TASK DIRECTIONS> Starting at the line below with "Noah Gragson analisa" and stopping at the line with "Izdavanje, dvosoban stan, 68m², Centar, Podgorica", please print each line exactly, those two included, and skip every picture.

DATA FOR THIS TASK>
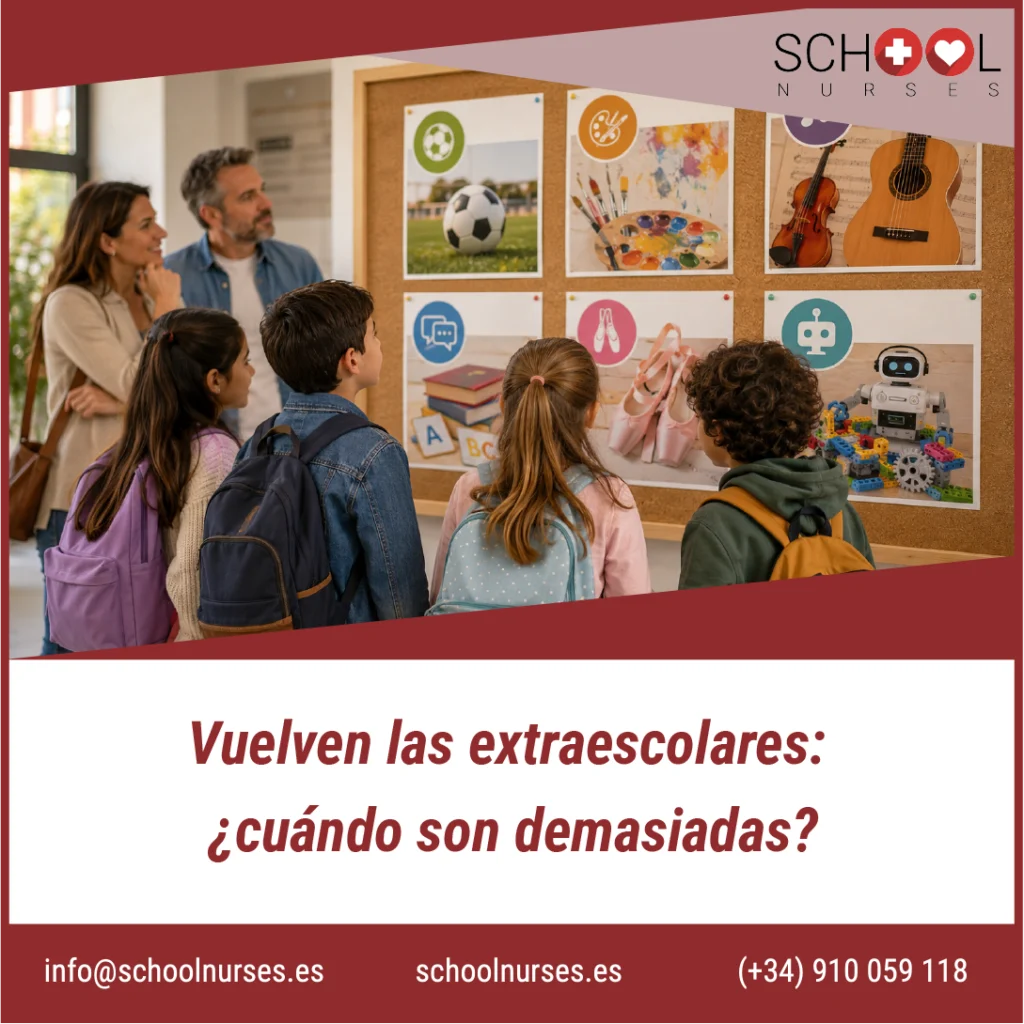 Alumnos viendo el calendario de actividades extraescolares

---

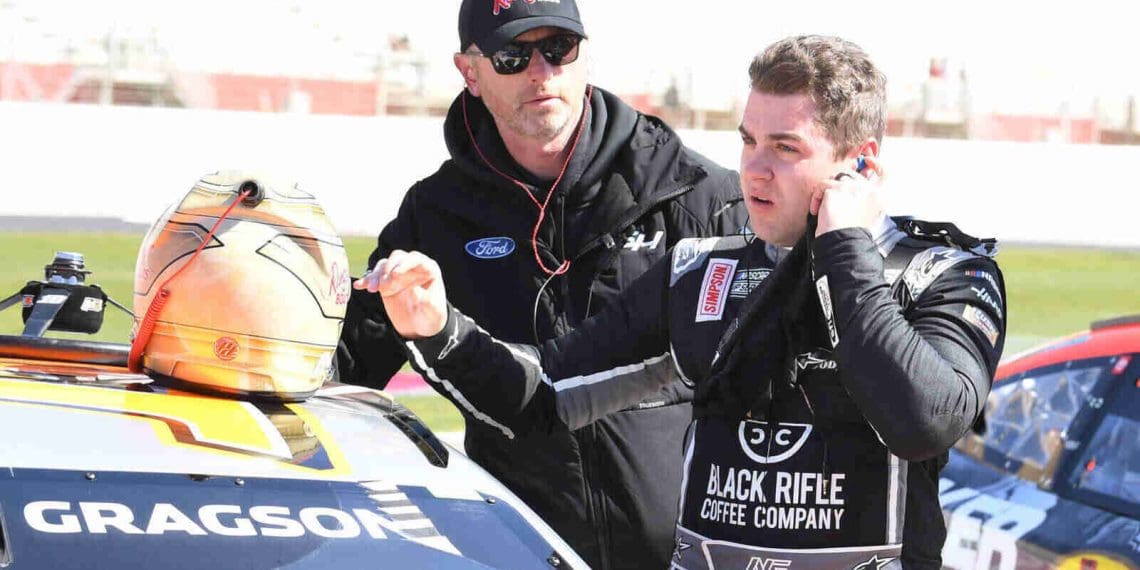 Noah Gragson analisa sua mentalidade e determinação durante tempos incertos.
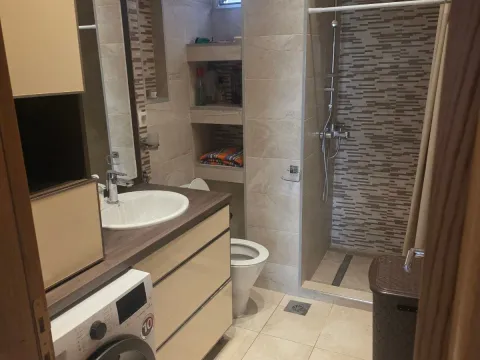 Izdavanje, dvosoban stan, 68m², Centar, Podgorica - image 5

EXERCISE SOLUTION>
 Noah Gragson analisa sua mentalidade e determinação durante tempos incertos.
 Izdavanje, dvosoban stan, 68m², Centar, Podgorica - image 5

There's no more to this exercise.